NOAA Posts Preliminary Atlantic BAYS Tuna Landings Through November 2025
NOAA Fisheries posted updated preliminary commercial landings for U.S. Atlantic BAYS tuna fisheries covering January 1 through November 30, 2025, showing strong yellowfin totals, modest bigeye, low skipjack, and northern albacore at about 12 percent of its 2025 quota. This snapshot matters for fleet operators, dealers, and managers planning quota use, reporting, and potential in-season adjustments.
NOAA Fisheries published preliminary landings estimates on December 29, 2025, for the U.S. commercial Atlantic BAYS tuna fisheries covering bigeye, Atlantic northern albacore, skipjack and yellowfin through November 30, 2025. The update provides cumulative totals in metric tons and pounds whole weight and compares 2025 landings to prior periods, with separate landings tables also posted through October 31 and September 30.
The headline figures for January 1 through November 30, 2025 are: bigeye tuna at 196.0 metric tons (432,169 lb), northern albacore at 103.7 mt (228,707 lb) which is about 12 percent of the 2025 quota listed at 889.4 mt, yellowfin at 595.0 mt (1,311,836 lb), and skipjack at 1.5 mt (3,268 lb). These totals are preliminary and drawn from dealer reports and other available information, and do not include discards.
Preliminary status means late reports can change totals. Reporting from some subregions, notably the Caribbean, may be delayed; those delayed submissions can alter regional tallies and season timing. NOAA notes its process for updating quotas and will continue to monitor catch rates and take in-season actions if needed. The update also reiterates dealer and vessel reporting responsibilities for the commercial fleet.

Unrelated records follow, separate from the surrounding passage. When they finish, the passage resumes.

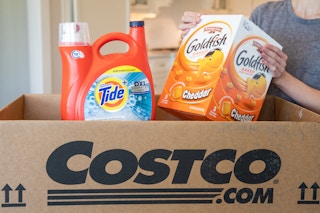 A person pulling gold fish crackers and tide from a Costco.com shipping box.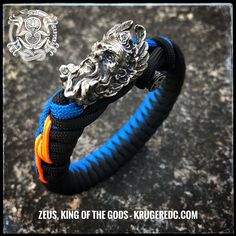 Detailed bead of Zeus, the Greek King of the Gods, ruler of heaven, with the lightning in his hands. Your choice of bead in white brass, oxidized or gold colored. Single or dual colored eccentric fishtail with lightning stitch and original bar closure. Adjustable Blue Oxidized Finish Jewelry, Handmade Ceremonial Blue Jewelry, Handmade Black Jewelry For Blessing, Handmade Blue Jewelry For Blessing, Weave Colors, Paracord Armband, Blue Orange White, Stylish Hoodies, Oxidized Brass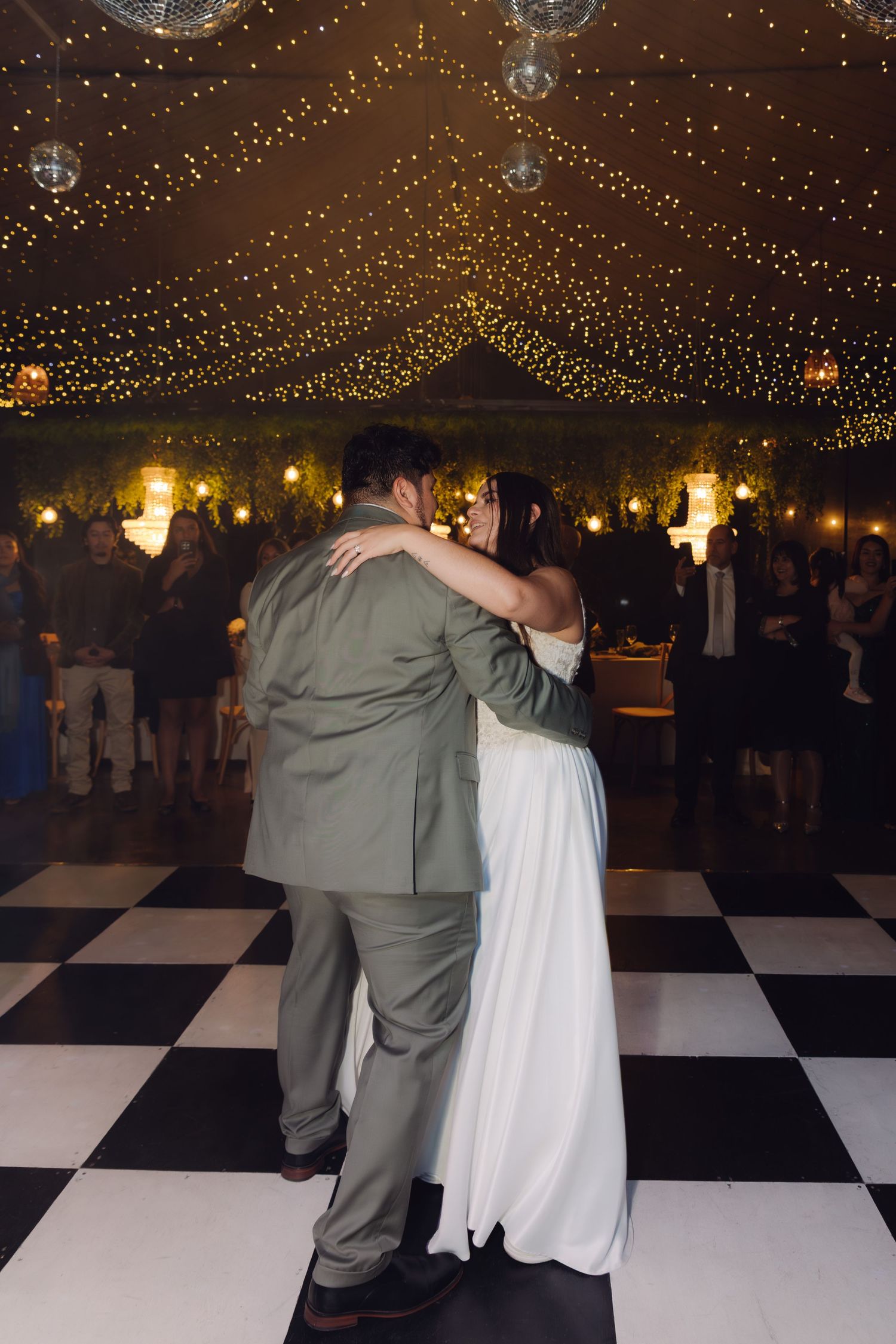 Bride and groom share romantic first dance under sparkling fairy lights on checkered ballroom floor.
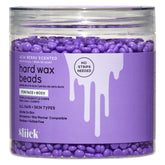 Sliick Acai Berry hard wax beads in jar, gentle on sensitive skin for at-home face and body waxing.
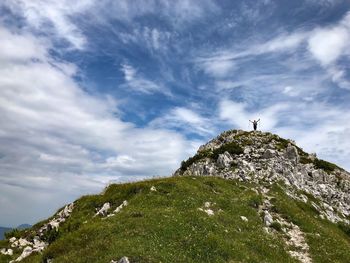 Low angle view of cross on rock against sky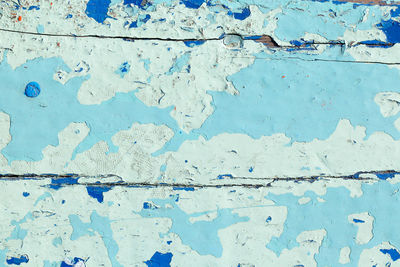 Close up shot of old light blue paint texture peeling off wood plank background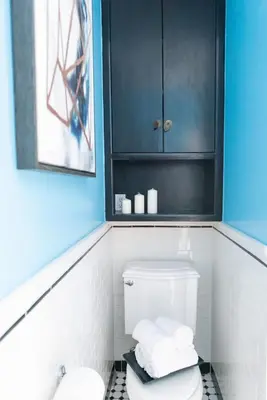a bathroom with a toilet and a black cabinet at New York Style Brownstone Elegant Home in Toronto's Vibrant King West in Toronto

For operators and dealers the practical implications are immediate. Verify that dealer and vessel reports are filed and accurate to avoid undercounting or late adjustments that could affect quota calculations. Track the posted landings tables regularly; yellowfin’s relatively large share of the landings through November suggests heavy pressure on that stock this year, while northern albacore remains well below the listed quota and skipjack landings are negligible. Expect managers to use these data points when considering in-season measures to prevent quota overruns or to tighten regional controls.
Community planning benefits from treating these figures as a working snapshot rather than final totals. Use the posted tables to compare your own logs against dealer submissions, watch for delayed regional updates, and prepare for potential management responses if catch rates accelerate. NOAA will continue to update the landing tables as reports arrive, and monitoring them is a practical step for anyone running trips, managing quota exposure, or handling commercial dealer obligations.